Building blocks for future detectors: Silicon test masses and 1550 nm laser light

TL;DR

This paper explores the potential of using silicon test masses and 1550 nm laser light to enhance the sensitivity of future gravitational wave detectors, addressing thermal and quantum noise challenges.

Contribution

It compares properties of silica and silicon test masses and discusses recent advances in laser technology relevant for next-generation detectors.

Findings

Silicon test masses at low temperatures can reduce thermal noise.

1550 nm laser light is promising for decreasing quantum noise.

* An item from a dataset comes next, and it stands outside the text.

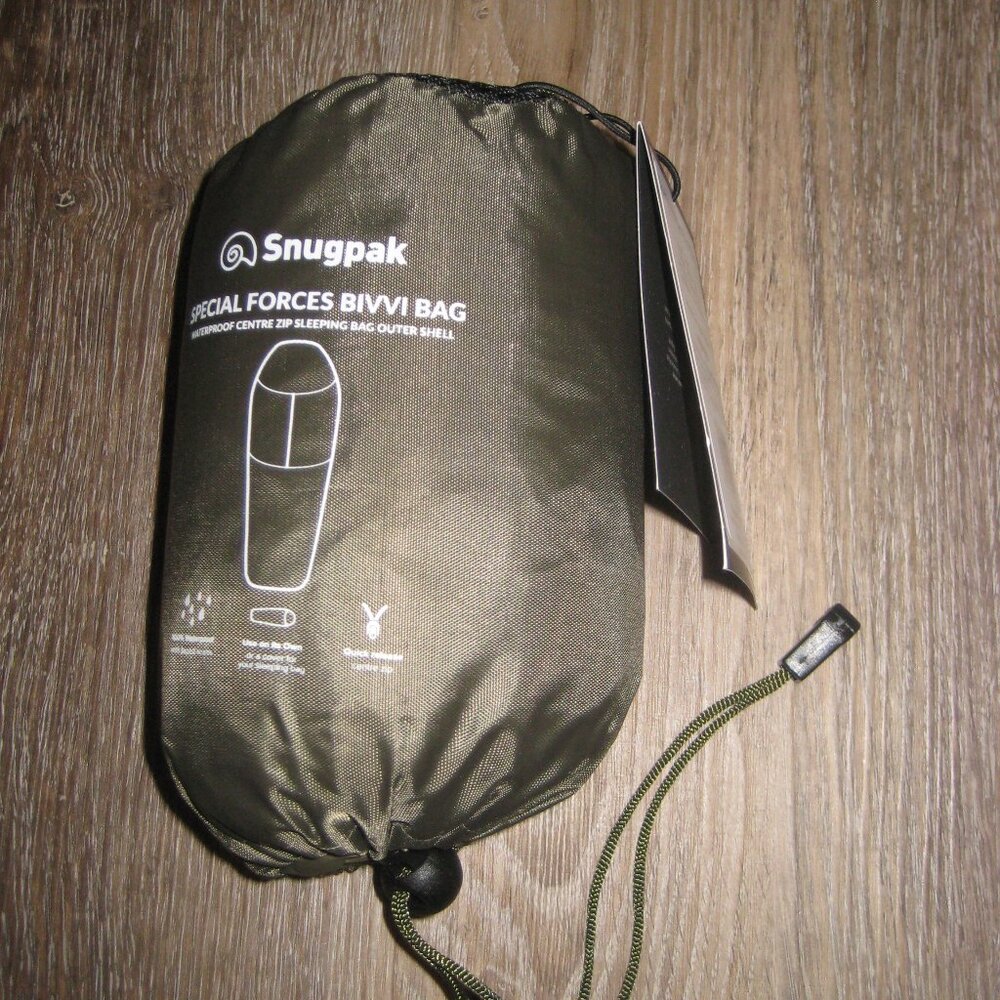 Snugpak Special Forces Bivy Bag Center Zip Waterproof UK Made Olive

Silicon and 1550 nm technology are potential building blocks for future detectors.

Abstract

Current interferometric gravitational wave detectors use the combination of quasi-monochromatic, continuous-wave laser light at 1064 nm and fused silica test masses at room temperature. Detectors of the third generation, such as the Einstein-Telescope, will involve a considerable sensitivity increase. The combination of 1550 nm laser radiation and crystalline silicon test masses at low temperatures might be important ingredients in order to achieve the sensitivity goal. Here we compare some properties of the fused silica and silicon test mass materials relevant for decreasing the thermal noise in future detectors as well as the recent technology achievements in the preparation of laser radiation at 1064 nm and 1550 nm relevant for decreasing the quantum noise. We conclude that silicon test masses and 1550 nm laser light have the potential to form the future building blocks of gravitational wave detection.